I normally review PMQs from the chamber, and conclude Brown has bombed. So I tried a TV view for a bit of balance. Labour does looks better from this vantage point. In the gallery, you can compare the volume of roars (Tories far better) and see every face (Labour glum, Tories exuberant). But on TV you can just see a broad panorama of the chamber, and only the faces in the camera “donut” – who look lively, under instruction from the whips. For the first time, Brown came armed with figures, attack lines and put downs and knew when to use them. I’d actually say that Brown won.
It is simply outrageous that Brown is using the Hayden Philips party funding inquiry to defend himself from Labour’s failure to obey the current campaigning law. But Brown got away with it. “If the Conservative Party want to play their party in sorting our politics for the future they should adopt the policies we are putting forward,” he told Greg Hands (who brilliantly asked if the police investigations were what Brown had in mind when he called himself a ‘conviction politician’).
Faced with so many potential lines of attack, Cameron chose none of them. Brown batted him away, even if his facts weren’t true. He satisfied himself with his TV soundbite comparing Brown to the “man in the canoe he hasn’t been around for the last five years.” A poor excuse for the kicking Brown deserved.
Brown claimed violent crime is down by 31%. Really? I looked up the data. In 1996/97 there were 331,000 recorded incidents of violent crime. In 2005/06 it was 1.05 million. So where’s the drop? The way the data was conveniently changed in 2002/03, but then on the new series there were 845,000 incidents (spreadsheet here).
Hilarious to see Sandra Osborne, a Labour MP in Scotland, vent outrage against hospital cuts. That’s one benefit of being out of power. Her party would never do a nasty think like that, of course.

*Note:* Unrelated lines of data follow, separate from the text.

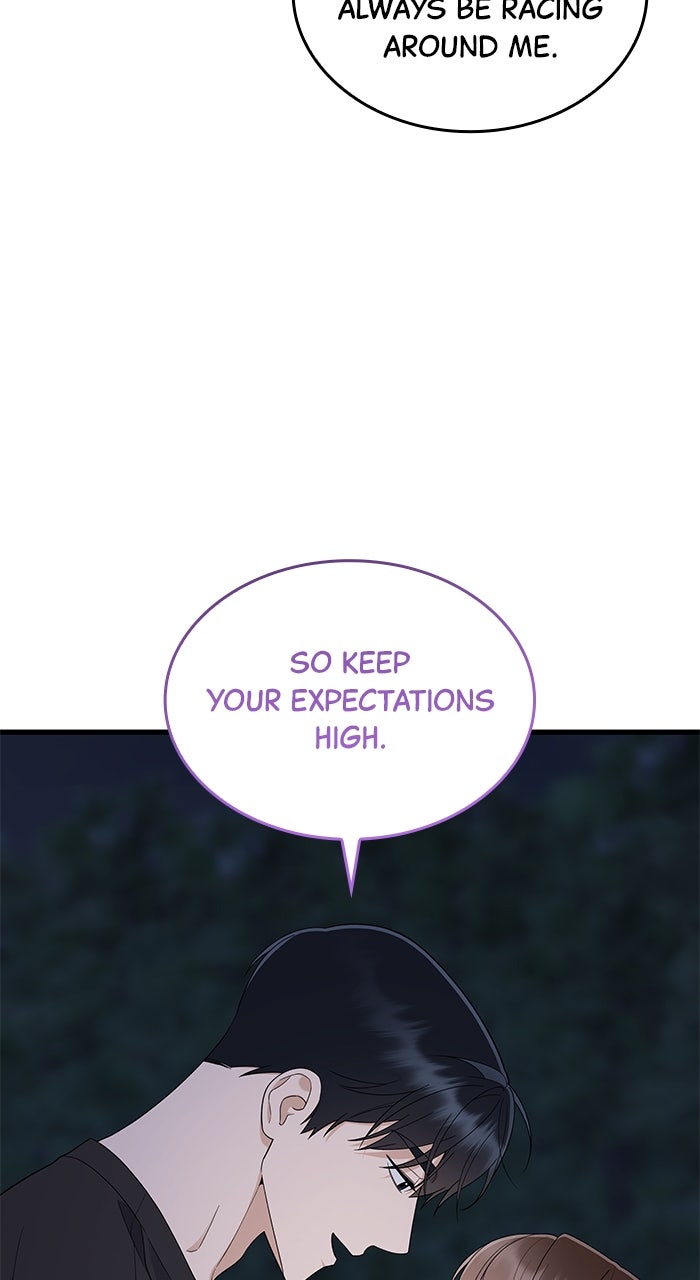 The New Hire’s Secret (S2) Episode 67 page 37 - 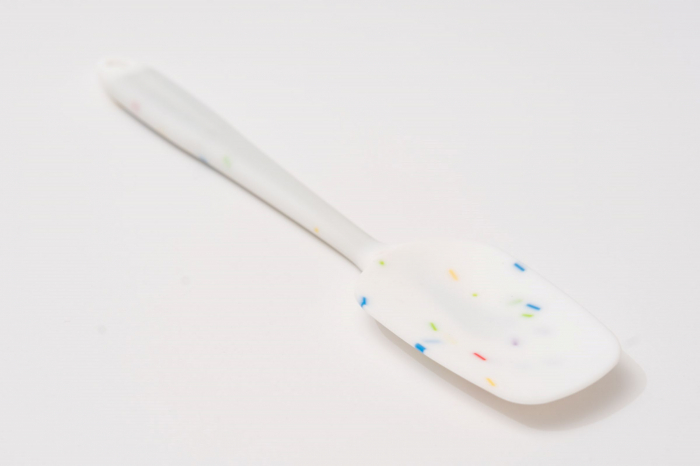 Spatule de silicon pentru bucatarie, 27cm [10]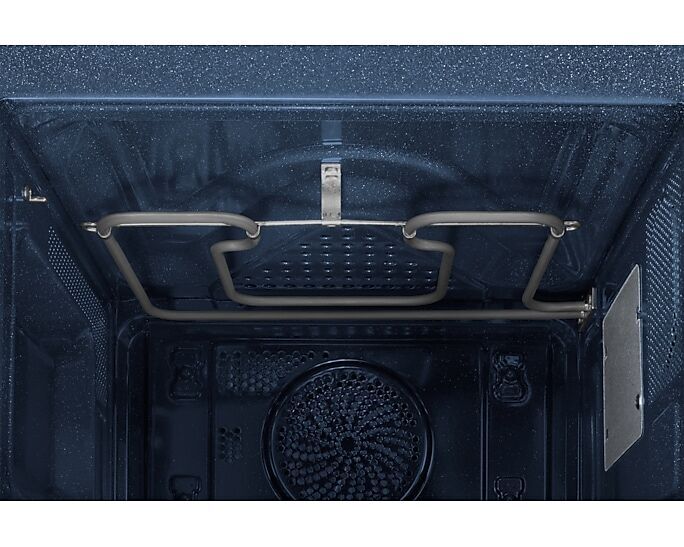 Samsung MC28M6035KK Microwave with hot air and grill | black 5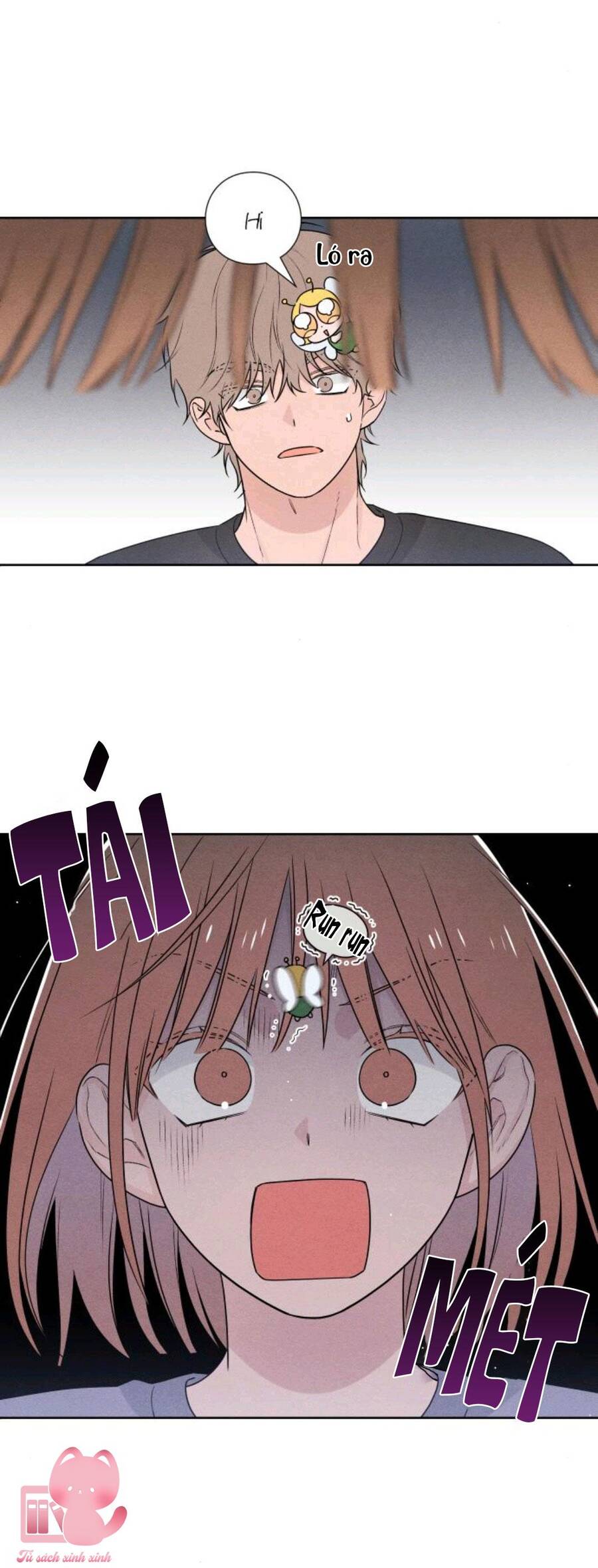 Bí Mật Thanh Xuân Chap 41 - Next Chap 42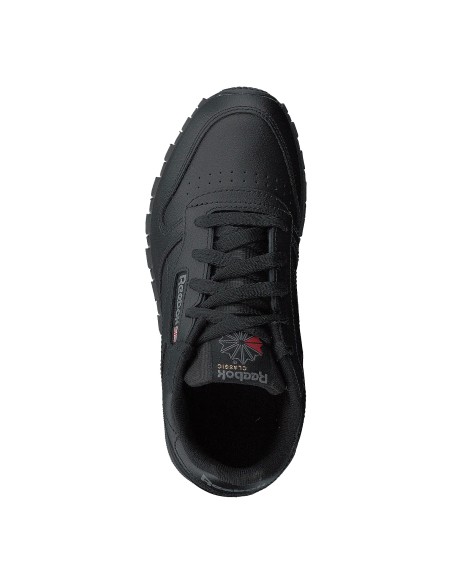 REEBOK-CLASSIC LEATHER-Clásico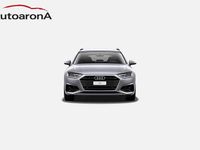 Usata Audi A4 S-Line 204 CV (150 kW) 2024 Grigio daytona perlato Station wagon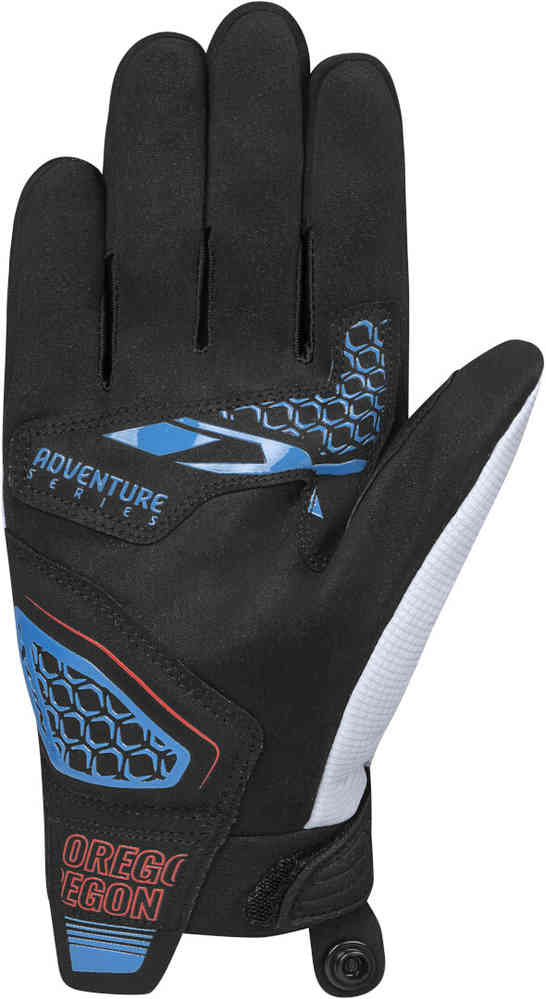 Ixon Oregon Motorcycle Gloves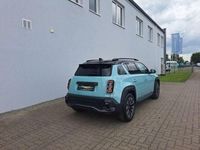 Gebraucht Renault 4 E-Tech Iconic 80 kW (110 PS) 2025 Grün SUV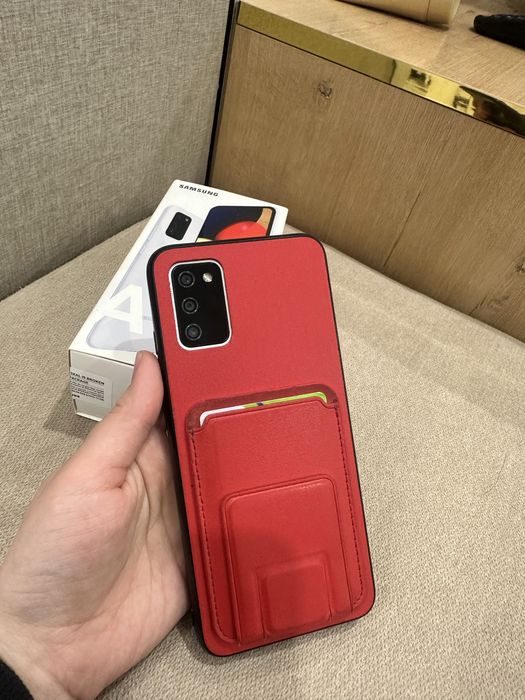 Samsung galaxy A02s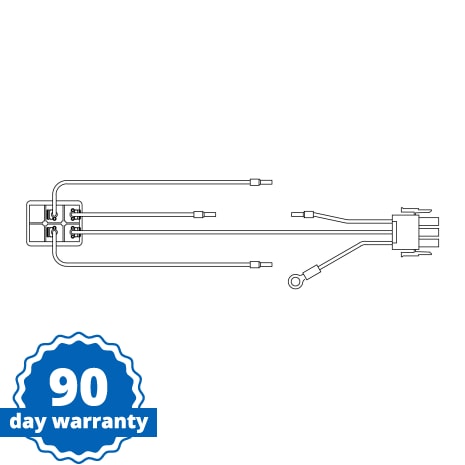 WIRE HARNESS SWITCH Shop STERIS Product Number P136812954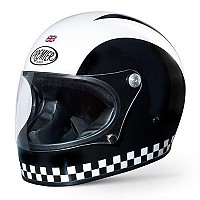 [해외]프리미어  헬멧 풀페이스 헬멧 Trophy Retro 91251511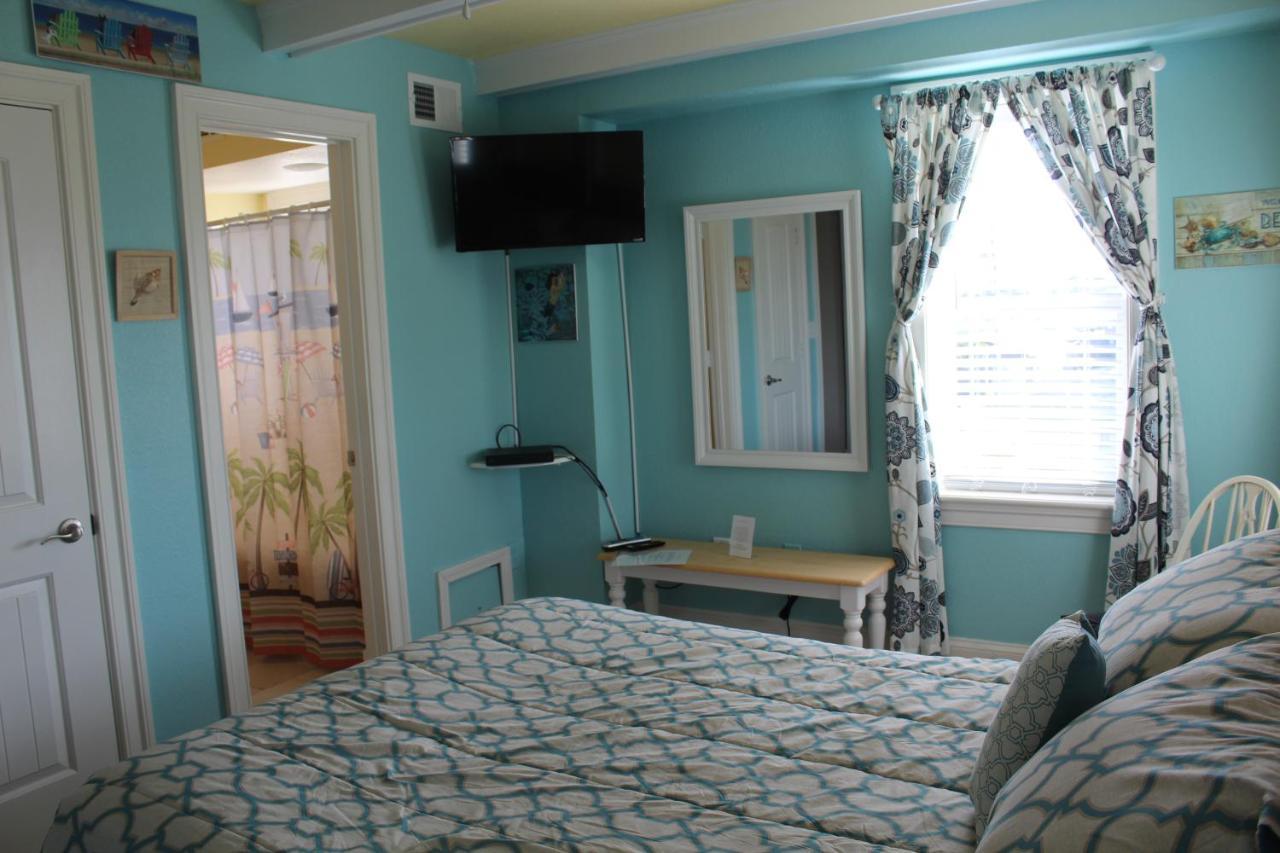 Pierhouse Bed & Breakfast Kill Devil Hills Dış mekan fotoğraf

Poor Vince Cable fell flat of the stellar performance we’ve come to expect. “He’s better at the jokes that he is at economics,” chirped Brown.
Two observations from the Daily Politics. I noticed David Ruffley saying it was a “fair question” to inquire about Lord Ashcroft’s tax status. Something tells me it’s a question his party won’t be providing an answer to. And it is simply appalling for Hazel Blears to say that “our kids play spend more time on computer games than anyone else in Europe” as an explanation for dismal education results. Gameboy was released in 1989. Millions of Tetris high scores later, English teenagers managed to be eighth on the OECD world maths tables in 2000 and seventh for English. They hurtled to 24th and 17th by 2006. To hear Blears (and Balls) blame parents for this is simply beneath contempt.
UPDATE: Three Line Whip also jumps on Mr Ruffleys’ comments about Ashcroft. Might this ball have started rolling?